What is needed: Take the entries below and reproduce exactly the portion that begins at the line containing "Carrefour Market Mix" and ends at the line containing "Sterling Silver Towle", keeping both ends, dropping pictures, and adding nothing else.

[Records for this exercise — start]

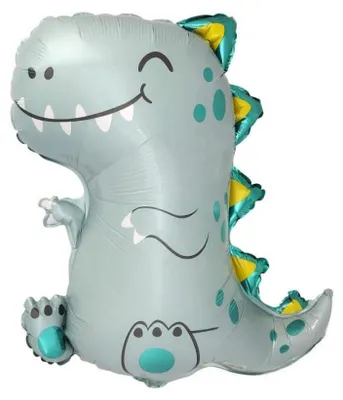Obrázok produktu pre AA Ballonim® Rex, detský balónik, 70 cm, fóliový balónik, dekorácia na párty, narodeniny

[Records for this exercise — finish]
[Records for this exercise — start]

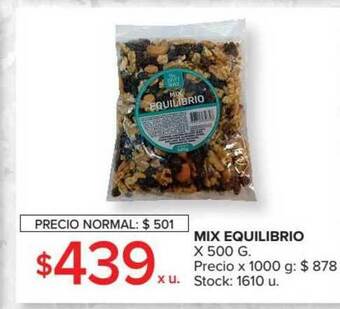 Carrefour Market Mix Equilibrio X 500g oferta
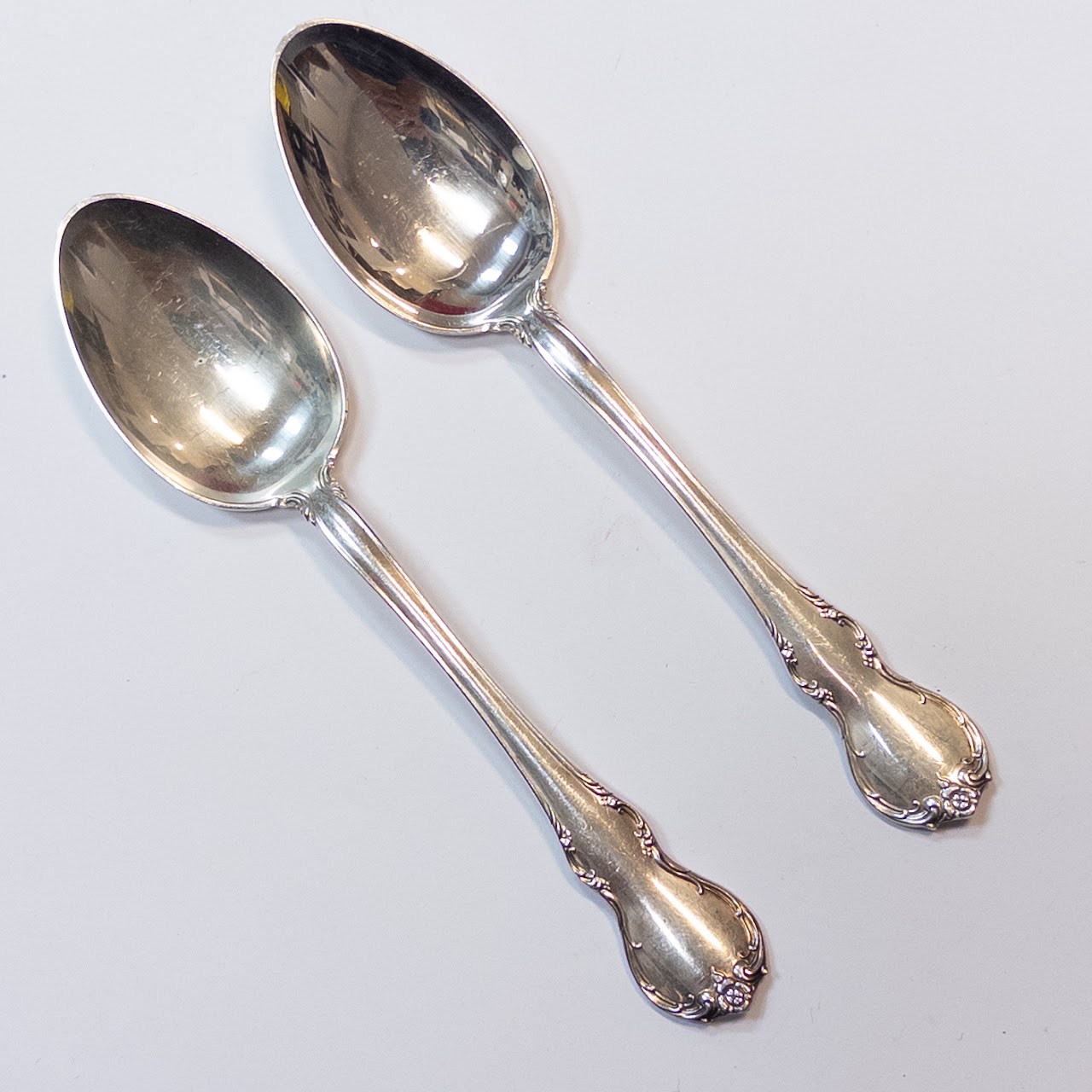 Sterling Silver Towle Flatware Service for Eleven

[Records for this exercise — finish]

Expected output:
 Carrefour Market Mix Equilibrio X 500g oferta
 Sterling Silver Towle Flatware Service for Eleven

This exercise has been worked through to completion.